We, naturally, were moved and immediately issued a statement on "The Class Struggle in Poland" which began:
  “The Socialist Party of Great Britain applauds with sympathy and admiration the courageous stand of the Polish strikers in their struggle to independently organise and negotiate over the wages and conditions. Their action bears out what we have consistently claimed and what no amount of repression, censorship. and pretence can indefinitely conceal. Poland is no "workers state on the road to socialism’’ but a state capitalist, one party regime, where the working class inevitably comes into conflict with those who control the means of wealth production and distribution."
Others who were moved were some ex-Trotskyists who took the initiative to set up a Polish Solidarity Campaign in September [1980]. This book is a detailed. almost blow-by-blow history of that organisation. Its original aim was to get the TUC and the Labour Party to withdraw their "support” and recognition from state employer-run puppet organisations" as they correctly described the official so-called trade unions in Poland.

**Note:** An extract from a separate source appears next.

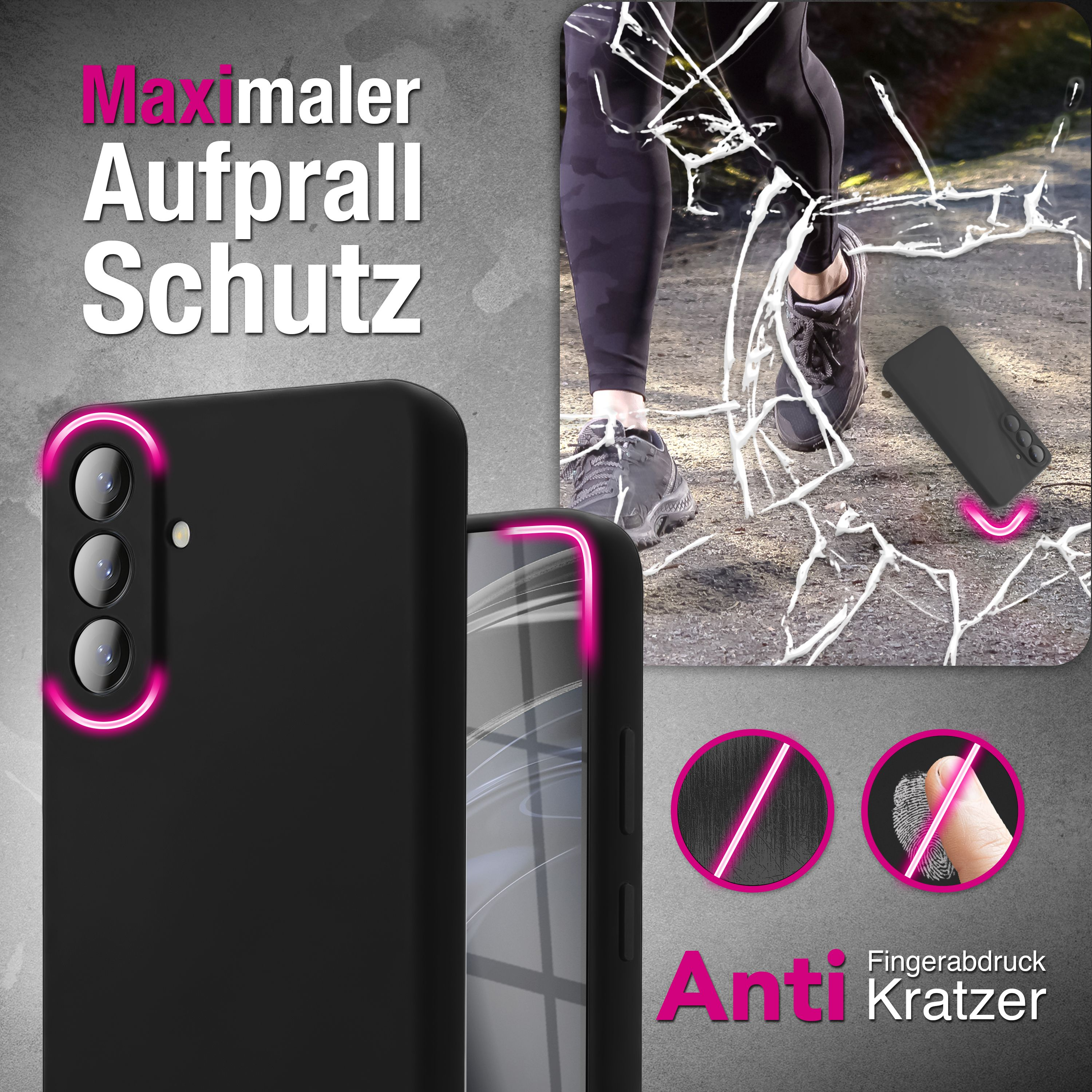 Schwarze Handyhülle mit Aufprallschutz und Fingerabdruck-Schutz-Symbolen.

Believe it or not, they had some difficulty in achieving this, with the TUC and other unions continuing to invite representatives from the official state "unions” to their conferences, and with Tony Benn, for all his talk about the need for more democratic and trade union rights in Britain, playing a particularly shameful role as what Lenin once called a "useful idiot".

After General Jaruzelski imposed martial law in December 1981 the PSC had more success but another problem arose. Two separate Trotskyist groups tried to take the PSC over. They failed and the sort of manoeuvres they resorted to—and still resort to with regard to other organisations—are well-documented and exposed in this book. One reason they failed (apart from the fact that the ex-Trotskyists in the PSC knew from their own Trotskyist days exactly what was going on) was that they weren’t wholeheartedly opposed to the Polish regime. They regarded it as a “deformed workers state" but a workers state nevertheless. A "workers” state that oppresses the workers—such is the absurd position of orthodox Trotskyism.

In the following years the PSC's emphasis shifted from supporting working-class struggle in Poland to supporting the demand for an independent (of Russia), democratic Polish State. In other words, Polish nationalism replaced working-class solidarity. In fact, the PSC became little more than a publicity organisation in Britain for Solidarity, even after it evolved into the right-wing Catholic trade union and political organisation it is today.

We in the Socialist Party didn’t make this mistake since we never supported Solidarity as such but rather the workers’ struggle against their state-capitalist bosses. And our solidarity was with our fellow workers in another geographical part of the world struggling to establish elementary trade union and democratic rights, not with the "people of Poland" trying to establish a capitalist democratic state.